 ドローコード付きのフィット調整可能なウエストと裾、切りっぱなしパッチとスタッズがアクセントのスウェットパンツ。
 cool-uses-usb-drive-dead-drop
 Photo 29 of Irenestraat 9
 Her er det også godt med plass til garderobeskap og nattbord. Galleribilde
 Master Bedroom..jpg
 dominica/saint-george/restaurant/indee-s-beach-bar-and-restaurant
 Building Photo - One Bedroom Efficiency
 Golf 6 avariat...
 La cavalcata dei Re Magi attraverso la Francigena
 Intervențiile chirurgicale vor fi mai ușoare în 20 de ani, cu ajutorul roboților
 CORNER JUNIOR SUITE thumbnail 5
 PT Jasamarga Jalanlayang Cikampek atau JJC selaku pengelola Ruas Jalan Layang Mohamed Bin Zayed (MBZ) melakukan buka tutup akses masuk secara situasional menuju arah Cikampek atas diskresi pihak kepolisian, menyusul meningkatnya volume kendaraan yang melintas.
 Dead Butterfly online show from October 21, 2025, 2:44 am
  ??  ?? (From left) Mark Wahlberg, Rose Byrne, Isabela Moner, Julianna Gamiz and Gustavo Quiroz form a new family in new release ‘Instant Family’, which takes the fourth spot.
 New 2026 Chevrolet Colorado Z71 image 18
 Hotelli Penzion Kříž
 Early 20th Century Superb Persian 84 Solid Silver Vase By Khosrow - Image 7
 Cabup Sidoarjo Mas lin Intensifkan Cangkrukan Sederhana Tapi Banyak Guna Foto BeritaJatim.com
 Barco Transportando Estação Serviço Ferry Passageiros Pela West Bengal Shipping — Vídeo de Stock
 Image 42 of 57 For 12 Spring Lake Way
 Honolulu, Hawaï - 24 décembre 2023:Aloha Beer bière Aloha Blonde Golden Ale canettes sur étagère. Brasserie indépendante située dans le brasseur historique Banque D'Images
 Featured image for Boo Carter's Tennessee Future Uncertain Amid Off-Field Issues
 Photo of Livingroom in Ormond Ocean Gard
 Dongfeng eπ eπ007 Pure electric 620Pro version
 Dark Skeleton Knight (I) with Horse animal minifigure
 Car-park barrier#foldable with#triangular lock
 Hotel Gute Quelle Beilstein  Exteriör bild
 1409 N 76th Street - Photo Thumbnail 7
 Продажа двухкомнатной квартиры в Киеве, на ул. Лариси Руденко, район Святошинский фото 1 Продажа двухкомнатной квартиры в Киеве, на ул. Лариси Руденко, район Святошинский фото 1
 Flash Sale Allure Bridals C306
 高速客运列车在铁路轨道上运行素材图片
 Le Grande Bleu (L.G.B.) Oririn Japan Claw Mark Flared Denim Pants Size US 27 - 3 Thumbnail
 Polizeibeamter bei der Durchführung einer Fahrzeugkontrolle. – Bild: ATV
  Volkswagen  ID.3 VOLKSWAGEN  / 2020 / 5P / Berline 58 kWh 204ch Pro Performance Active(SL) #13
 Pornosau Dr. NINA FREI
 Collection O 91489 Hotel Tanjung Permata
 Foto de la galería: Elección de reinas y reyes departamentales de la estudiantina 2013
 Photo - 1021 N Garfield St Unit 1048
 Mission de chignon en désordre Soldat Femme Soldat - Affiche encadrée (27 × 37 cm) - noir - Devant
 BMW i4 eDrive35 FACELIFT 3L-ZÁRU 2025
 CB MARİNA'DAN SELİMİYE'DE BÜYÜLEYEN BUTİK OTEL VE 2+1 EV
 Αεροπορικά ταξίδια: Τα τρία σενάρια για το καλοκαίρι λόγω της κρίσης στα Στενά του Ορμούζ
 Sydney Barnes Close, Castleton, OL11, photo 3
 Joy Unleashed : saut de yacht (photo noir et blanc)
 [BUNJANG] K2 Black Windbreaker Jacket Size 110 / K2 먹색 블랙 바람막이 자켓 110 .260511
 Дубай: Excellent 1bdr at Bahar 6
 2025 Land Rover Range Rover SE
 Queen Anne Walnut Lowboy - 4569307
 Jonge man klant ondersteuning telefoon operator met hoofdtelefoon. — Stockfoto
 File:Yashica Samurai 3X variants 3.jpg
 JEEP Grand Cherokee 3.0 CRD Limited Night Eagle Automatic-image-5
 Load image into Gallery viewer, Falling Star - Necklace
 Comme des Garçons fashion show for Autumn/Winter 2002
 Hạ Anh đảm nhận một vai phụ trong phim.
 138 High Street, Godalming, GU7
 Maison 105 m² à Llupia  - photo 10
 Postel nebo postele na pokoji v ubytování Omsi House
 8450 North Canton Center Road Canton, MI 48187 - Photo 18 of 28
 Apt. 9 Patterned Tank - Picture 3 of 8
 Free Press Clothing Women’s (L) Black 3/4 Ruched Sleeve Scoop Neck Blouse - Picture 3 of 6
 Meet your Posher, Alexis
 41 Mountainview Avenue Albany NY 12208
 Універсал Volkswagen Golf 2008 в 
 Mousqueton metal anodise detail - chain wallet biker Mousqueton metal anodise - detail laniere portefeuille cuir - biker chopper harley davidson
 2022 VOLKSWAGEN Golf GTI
:::
» **Goal of the exercise**
What you return must be an exact retyping of the lines above starting at the line with "Hotelli Penzion Kříž" and ending at the line with "Hotel Gute Quelle", and nothing besides.

» **Written response**
 Hotelli Penzion Kříž
 Early 20th Century Superb Persian 84 Solid Silver Vase By Khosrow - Image 7
 Cabup Sidoarjo Mas lin Intensifkan Cangkrukan Sederhana Tapi Banyak Guna Foto BeritaJatim.com
 Barco Transportando Estação Serviço Ferry Passageiros Pela West Bengal Shipping — Vídeo de Stock
 Image 42 of 57 For 12 Spring Lake Way
 Honolulu, Hawaï - 24 décembre 2023:Aloha Beer bière Aloha Blonde Golden Ale canettes sur étagère. Brasserie indépendante située dans le brasseur historique Banque D'Images
 Featured image for Boo Carter's Tennessee Future Uncertain Amid Off-Field Issues
 Photo of Livingroom in Ormond Ocean Gard
 Dongfeng eπ eπ007 Pure electric 620Pro version
 Dark Skeleton Knight (I) with Horse animal minifigure
 Car-park barrier#foldable with#triangular lock
 Hotel Gute Quelle Beilstein  Exteriör bild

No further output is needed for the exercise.